Once you reach the line with "FANCA Antibody in Western Blot (WB)", transcribe it and every line after it to the end of the records, exactly, but not the pictures.

-- TASK INPUT --
-------------------------
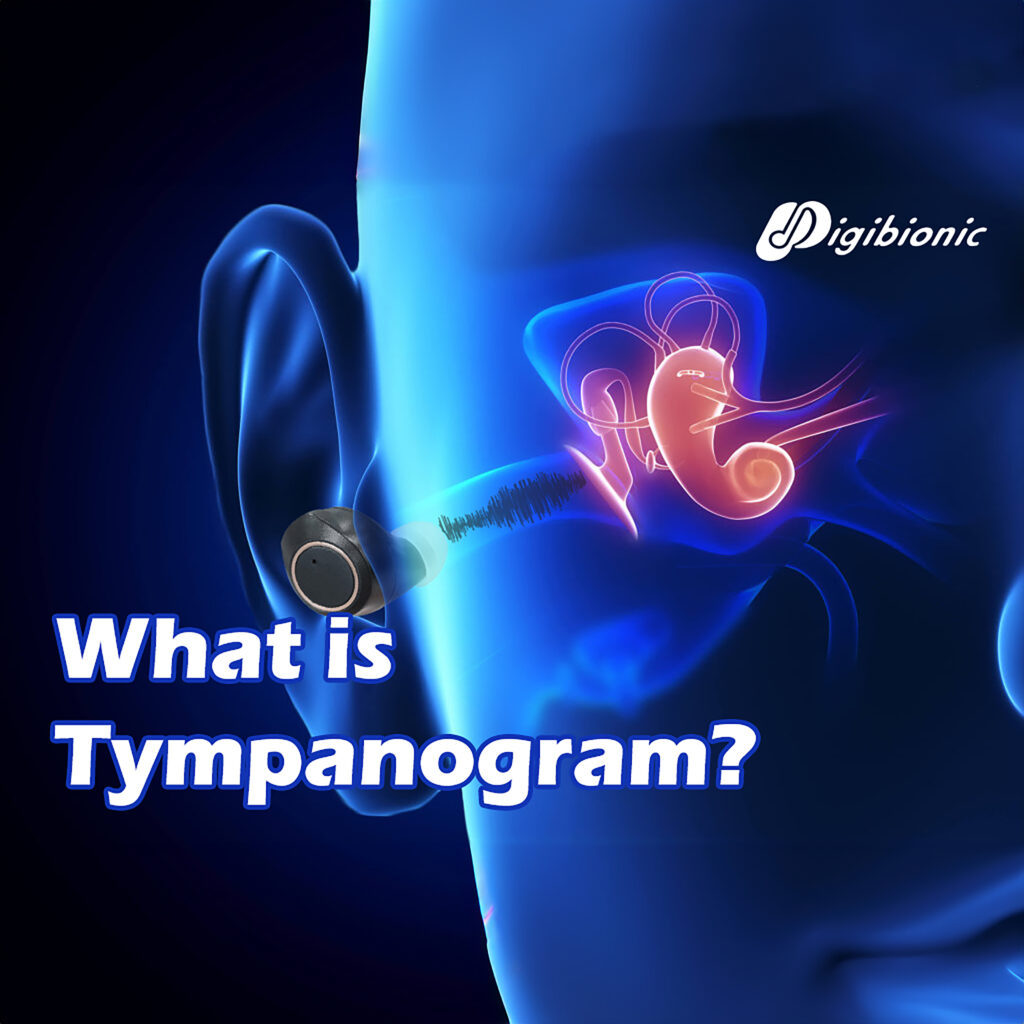 What is Tympanogram?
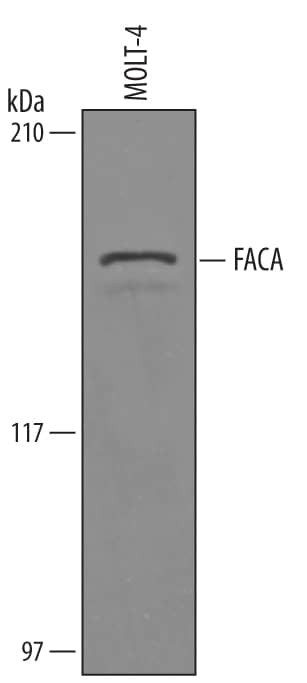 FANCA Antibody in Western Blot (WB)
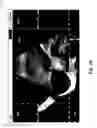 Fig. 04 - Hand-held medical imaging system with improved user interface for deploying on-screen graphical tools and associated apparatuses and methods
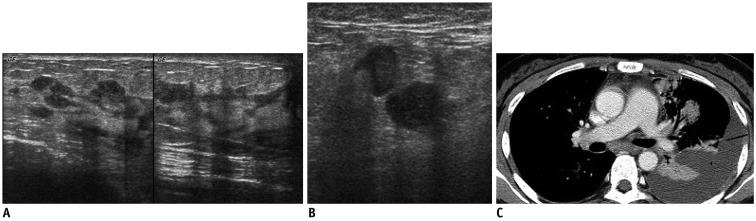 Fig. 11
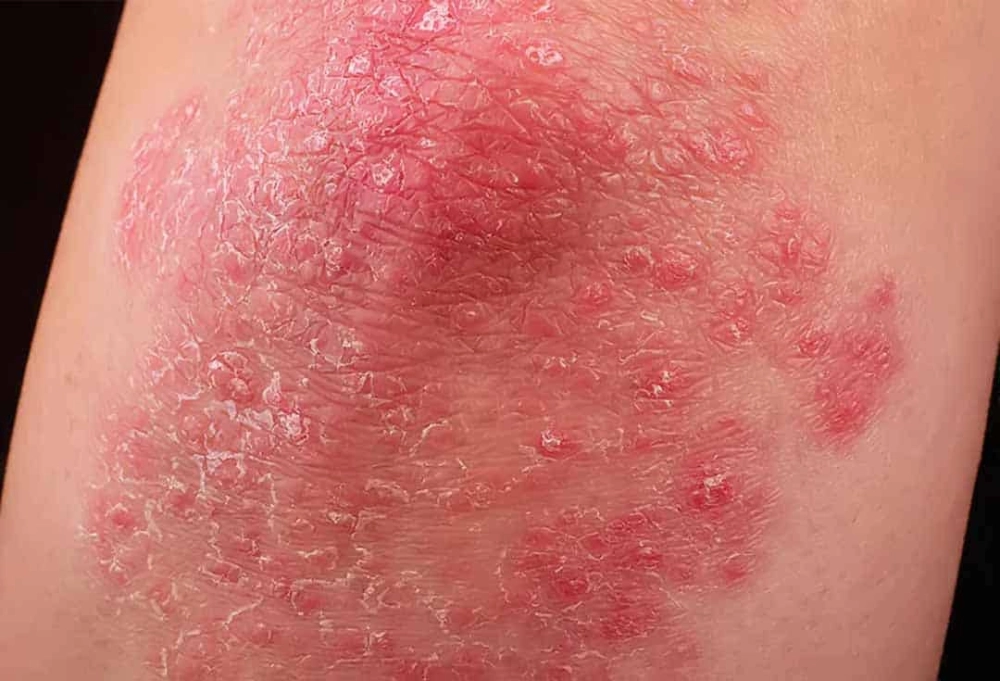 Tìm hiểu ảnh người bị bệnh vảy nến phấn hồng cụ thể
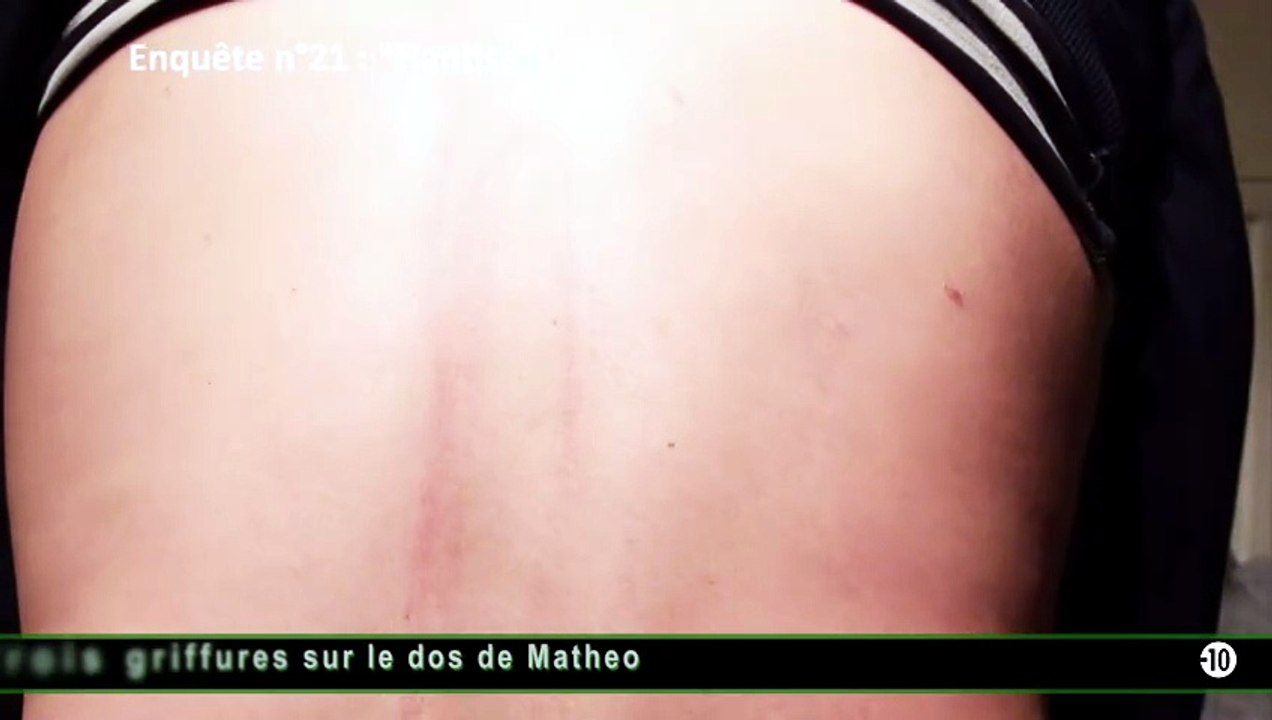 Griffures sur le dos de Matheo - Extrait de l'enquête n°21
-------------------------
-- RESPONSE TO THIS TASK --
 FANCA Antibody in Western Blot (WB)
 Fig. 04 - Hand-held medical imaging system with improved user interface for deploying on-screen graphical tools and associated apparatuses and methods
 Fig. 11
 Tìm hiểu ảnh người bị bệnh vảy nến phấn hồng cụ thể
 Griffures sur le dos de Matheo - Extrait de l'enquête n°21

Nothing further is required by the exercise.